The federal funds rate is set by the Federal Reserve's Federal Open Market Committee (FOMC) through monetary policy decisions. No CFR implementing regulations exist for rate-setting — the Fed operates under its organic statutes (Federal Reserve Act, 12 U.S.C. §§ 221–522). See Dodd-Frank Wall Street Reform for the post-2008 regulatory framework that expanded the Fed's supervisory role. 12 CFR Part 204 (Regulation D) establishes reserve requirements that create the demand for federal funds.

Pending Legislation

  • HRES 677 (Rep. Barragan, D-CA) — Affirm the independence of the Federal Reserve System, its Chairman, and the Board of Governors; warn that political interference could violate law. Status: Introduced.
  • SRES 347 (Sen. Moreno, R-OH) — Senate resolution urging the Fed to cut interest rates to lower borrowing costs, boost investment, and make housing more affordable. Status: Introduced.
  • S 2327 (Sen. Paul, R-KY) — Federal Reserve Transparency Act of 2025: force a Comptroller General audit of the Federal Reserve including 13(3) emergency lending vehicles. Status: Introduced.
  • S 1647 (Sen. Scott, R-FL) — ROI of the Federal Reserve Act: annual Fed reports on middle-class outcomes and small business lending, ban some Reserve Bank asset buys. Status: Introduced.
  • S 1646 (Sen. Scott, R-FL) — Rein in the Federal Reserve Act: detailed reporting on QE and emergency lending, cap programs at 1 year without Congress, allow congressional disapproval. Status: Introduced.
  • CBDC: Federal Reserve studies of a Central Bank Digital Currency could change monetary policy transmission.
  • Mandate modification: Proposals to change the Fed's dual mandate (some would add or remove objectives).

Recent Developments

  • Continued rate cuts through April 2026: After three rate cuts in late 2024 (totaling 100 basis points from the peak of 5.25-5.50%), the Fed continued easing in 2025 and early 2026. The target range sits at 3.50-3.75% as of the April 29, 2026 FOMC meeting. Markets had initially expected faster cuts but the Fed has navigated a "higher for longer" stance against tariff-driven inflation pressures.
  • Political pressure on the Fed: President Trump publicly pressured the Fed to cut rates faster, calling for lower borrowing costs to support economic growth. Congressional responses split: HRES 677 affirms Fed independence, while SRES 347 urges rate cuts. The Federal Reserve Transparency Act (S 2327) and Rein in the Federal Reserve Act (S 1646) would increase Congressional oversight of Fed operations.

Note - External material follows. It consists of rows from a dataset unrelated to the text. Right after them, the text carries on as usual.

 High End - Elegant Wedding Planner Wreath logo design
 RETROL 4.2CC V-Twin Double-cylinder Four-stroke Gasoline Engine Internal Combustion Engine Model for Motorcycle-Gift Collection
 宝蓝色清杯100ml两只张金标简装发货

  • Tariff-inflation tension: The 2025 tariff escalation (universal baseline tariffs, 25% auto tariffs, higher China rates) has created a policy dilemma for the Fed. Tariffs push prices higher (arguing against rate cuts), but trade uncertainty threatens economic growth (arguing for cuts). The Fed has signaled it will look through one-time tariff price effects but is watching for broader inflationary pass-through.

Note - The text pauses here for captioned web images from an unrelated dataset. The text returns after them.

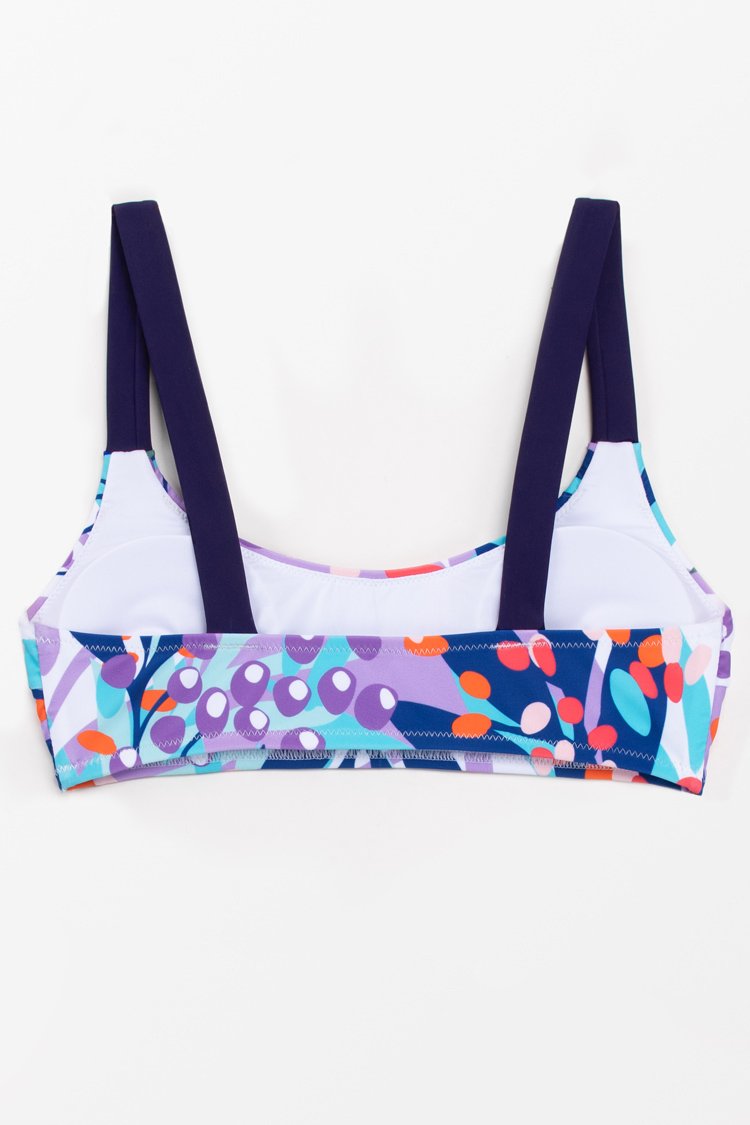 Barbara Leafy Tank Bikini Top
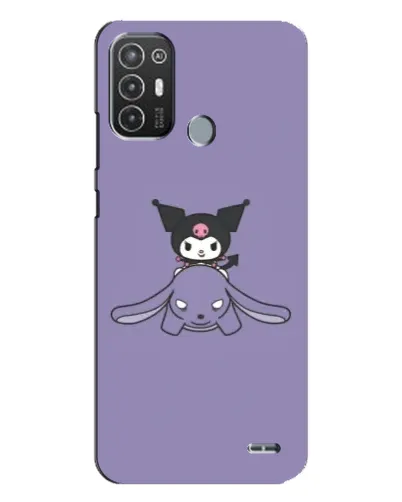 Чехол для TECNO Pop 6 Pro (BE8) с картинкой «Kuromi на лиловом фоне»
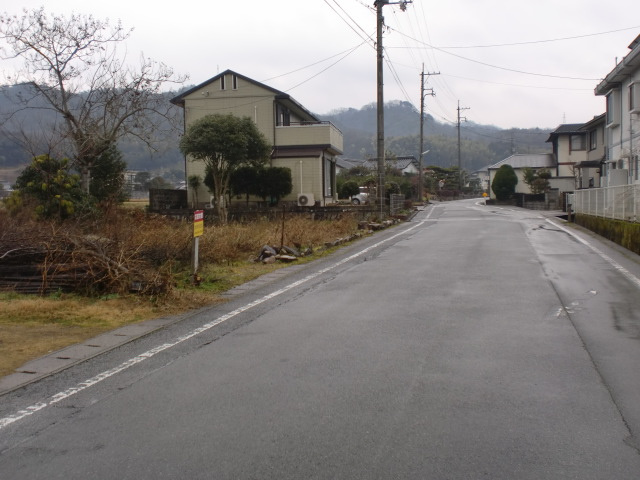 仁保　売土地の前面道路含む現地写真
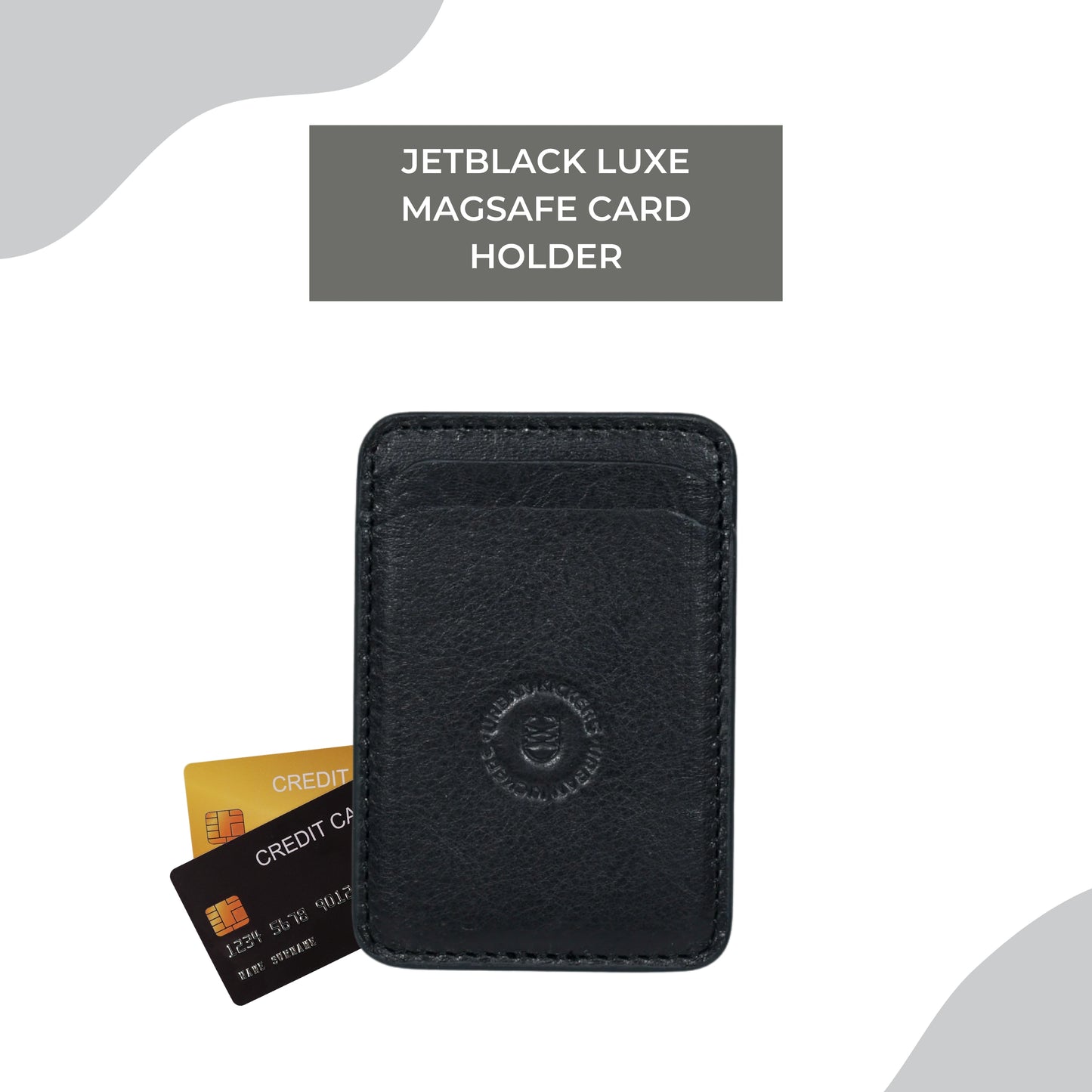 Jetblack Luxe MagSafe Card Holder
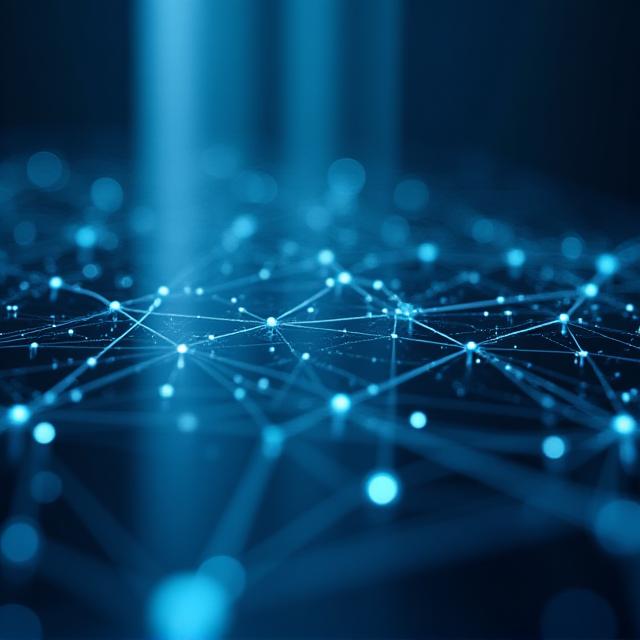 Abstract representation of digital security and legal frameworks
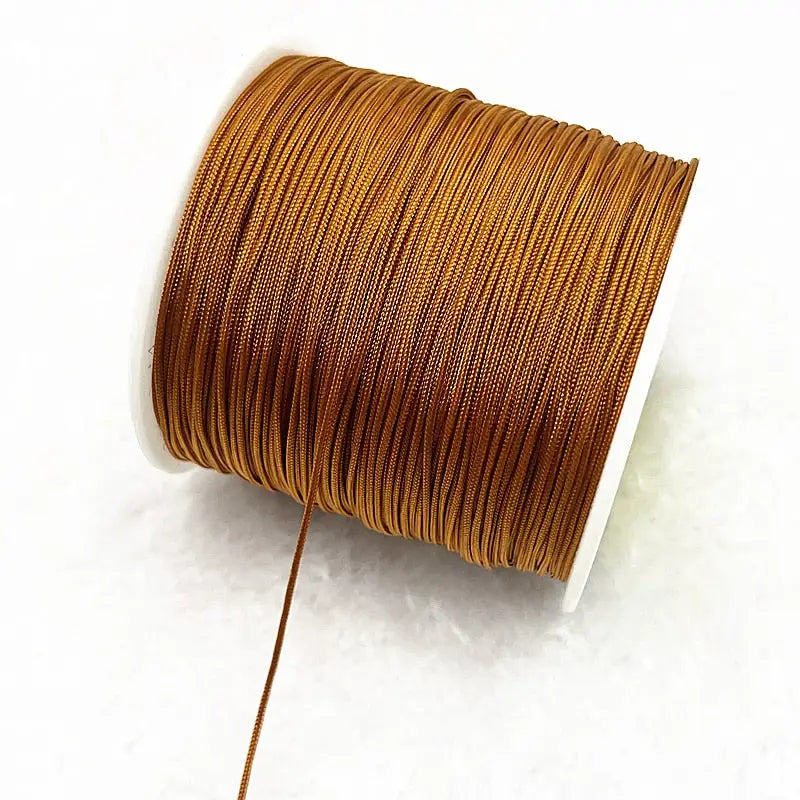 10 m de fil de nylon 0,4 mm auburn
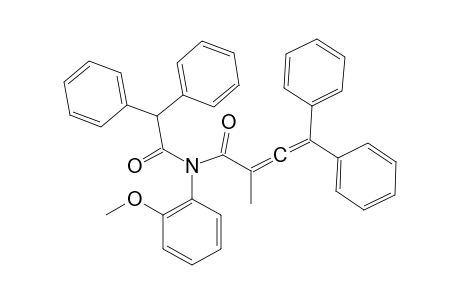 N-(2-METHOXYPHENYL)-N-(2-METHYL-4,4-DIPHENYLBUTA-2,3-DIENOYL)-2,2-DIPHENYLACETAMIDE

  • Impact on household borrowing: At the current fed funds range, the prime rate sits around 6.75%, keeping credit card APRs in the 20-24% range, HELOC rates at 7.5-8.5%, and auto loan rates at 6-9%. For variable-rate borrowers, each 25-basis-point cut saves roughly $25/year per $10,000 of outstanding debt. Savers, meanwhile, continue to benefit from 4-5% yields on high-yield savings accounts and CDs — one of the few positive side effects of elevated rates.

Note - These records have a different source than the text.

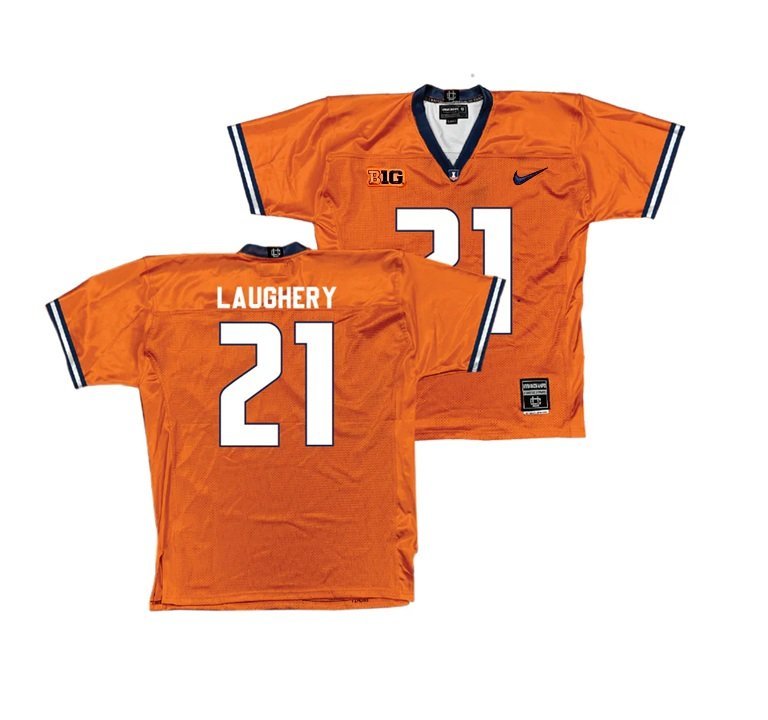 Illinois Fighting Illini Aidan Laughery #21 2026  Jersey
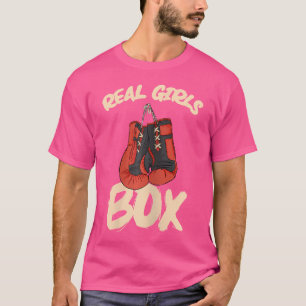Boksen Echte Meisjes Bokshandschoenen Boksen Kickb T-shirt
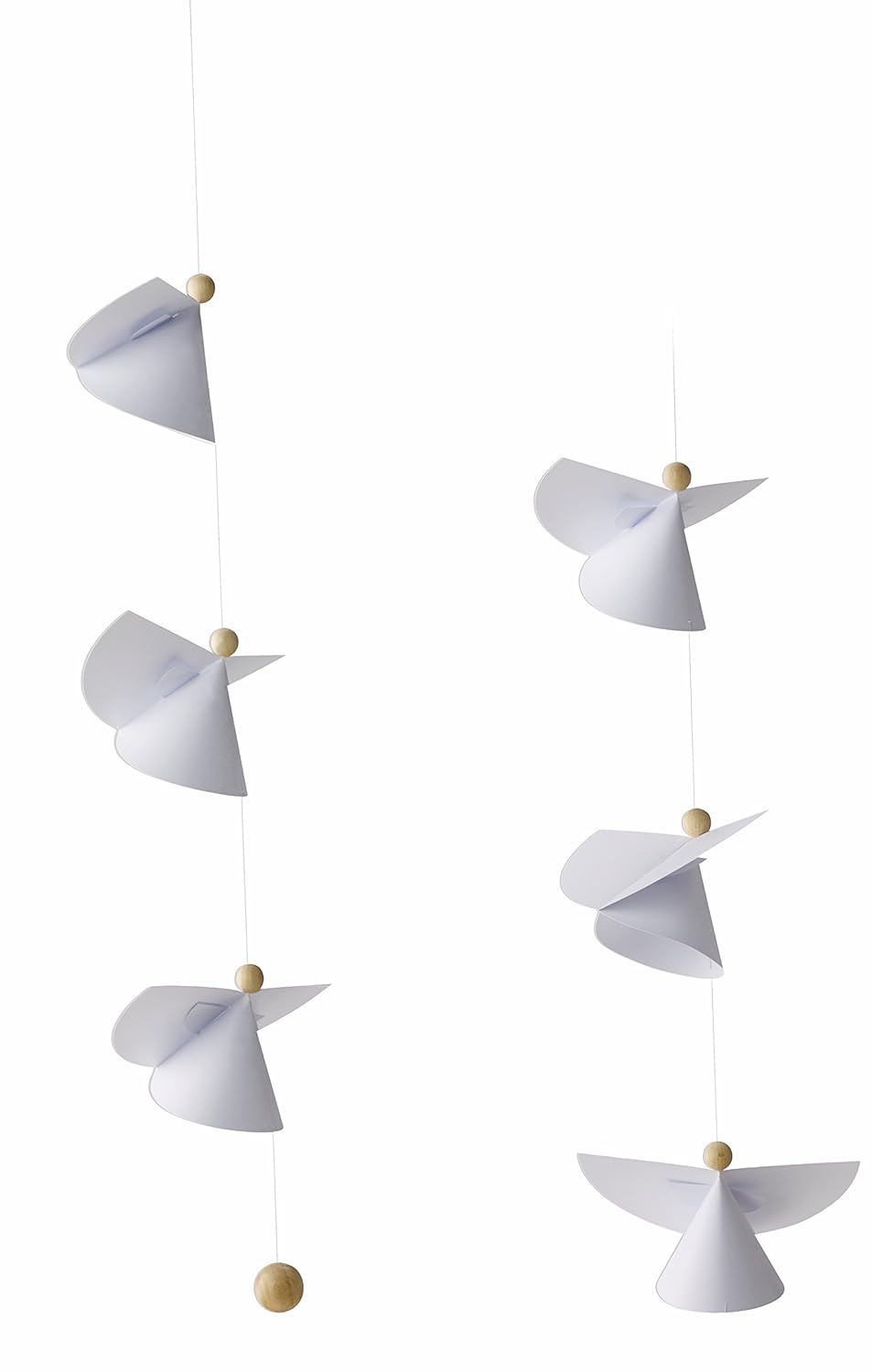 Guardian Angels Hanging Mobile - 14 Inches Handmade in Denmark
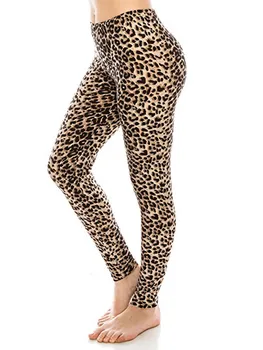 Леггинсы с леопардовым принтом и высокой талией, Разноцветные Повседневные спортивные женские брюки Highstreet, купить по оптовым ценам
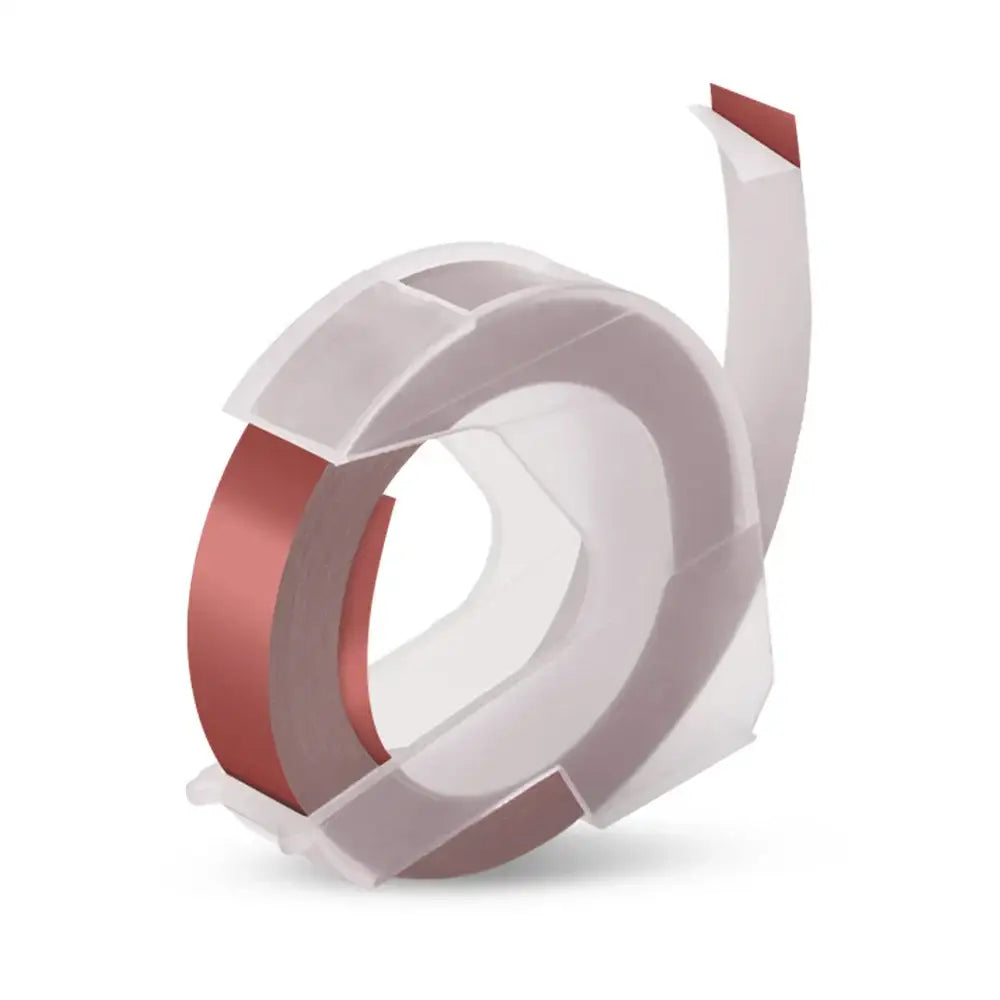 Explore New Arrivals: Embossing Label Tape & Office Tech Gear - Maroon Red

  • Court blocks Fed subpoenas: A federal judge in April 2026 refused to reconsider his decision blocking Justice Department grand jury subpoenas of the Federal Reserve and Chair Jerome Powell, preserving the Fed's independence from executive branch investigation in an unprecedented confrontation between the administration and the central bank.
  • Congressional criticism after February 2026 FOMC hold: Ways and Means Committee Chairman Jason Smith criticized the Federal Reserve in February 2026 for "dragging its feet on interest rates" after the FOMC held rates steady, arguing that the Fed was failing to adjust monetary policy to match the improving economic outlook under the Working Families Tax Cuts.